Pere Beret laughed softly at the preposterous suggestion that
he would even dream of going out in the rain, which was now roaring
heavily on the loose board roof, and miss a cut of cherry pie--a
cherry pie of Alice's making! And the Roussillon claret, too,
was always excellent. "Ah, child," he thought, "your
old Father is not going away."
She presently returned, bearing on a wooden tray a ruby-stained
pie and a short, stout bottle flanked by two glasses.
"Of course I'm better than I sometimes appear to be,"
she said, almost humbly, but with mischief still in her voice
and eyes, "and I shall get to be very good when I have grown
old. The sweetness of my present nature is in this pie."
She set the tray on a three-legged stool which she pushed close
to him.
"There now," she said, "let the rain come, you'll
be happy, rain or shine, while the pie and wine last, I'll be
bound."
Pere Beret fell to eating right heartily, meantime handing Jean
a liberal piece of the luscious pie.
"It is good, my daughter, very good, indeed," the priest
remarked with his mouth full. "Madame Roussillon has not
neglected your culinary education." Alice filled a glass
for him. It was Bordeaux and very fragrant. The bouquet reminded
him of his sunny boyhood in France, of his journey up to Paris
and of his careless, joy- brimmed youth in the gay city. How far
away, how misty, yet how thrillingly sweet it all was! He sat
with half closed eyes awhile, sipping and dreaming.
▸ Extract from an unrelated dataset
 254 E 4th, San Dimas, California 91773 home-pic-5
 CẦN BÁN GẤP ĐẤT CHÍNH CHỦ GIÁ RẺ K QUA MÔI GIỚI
The rain lasted nearly two hours; but the sun was out again when
Pere Beret took leave of his young friend. They had been having
another good-natured quarrel over the novels, and Madame Roussillon
had come out on the veranda to join in.
"I've hidden every book of them," said Madame, a stout
and swarthy woman whose pearl-white teeth were her only mark of
beauty. Her voice indicated great stubbornness.
"Good, good, you have done your very duty, Madame,"
said Pere Beret, with immense approval in his charming voice.
"But, Father, you said awhile ago that I should have my own
way about this," Alice spoke up with spirit; "and on
the strength of that remark of yours I gave you the pie and wine.
You've eaten my pie and swigged the wine, and now--"
Pere Beret put on his straw cap, adjusting it carefully over the
shining dome out of which had come so many thoughts of wisdom,
kindness and human sympathy. This done, he gently laid a hand
on Alice's bright crown of hair and said:
"Bless you, my child. I will pray to the Prince of Peace
for you as long as I live, and I will never cease to beg the Holy
Virgin to intercede for you and lead you to the Holy Church."
He turned and went away; but when he was no farther than the gate,
Alice called out:
"O Father Beret, I forgot to show you something!"
She ran forth to him and added in a low tone:
"You know that Madame Roussillon has hidden all the novels
from me."
She was fumbling to get something out of the loose front of her
dress.
"Well, just take a glance at this, will you?" and she
showed him a little leather bound volume, much cracked along the
hinges of the back.
It was Manon Lescaut, that dreadful romance by the famous Abbe
Prevost.
Pere Beret frowned and went his way shaking his head; but before
he reached his little hut near the church he was laughing in spite
of himself.
"She's not so bad, not so bad," he thought aloud, "it's
only her young, independent spirit taking the bit for a wild run.
In her sweet soul she is as good as she is pure."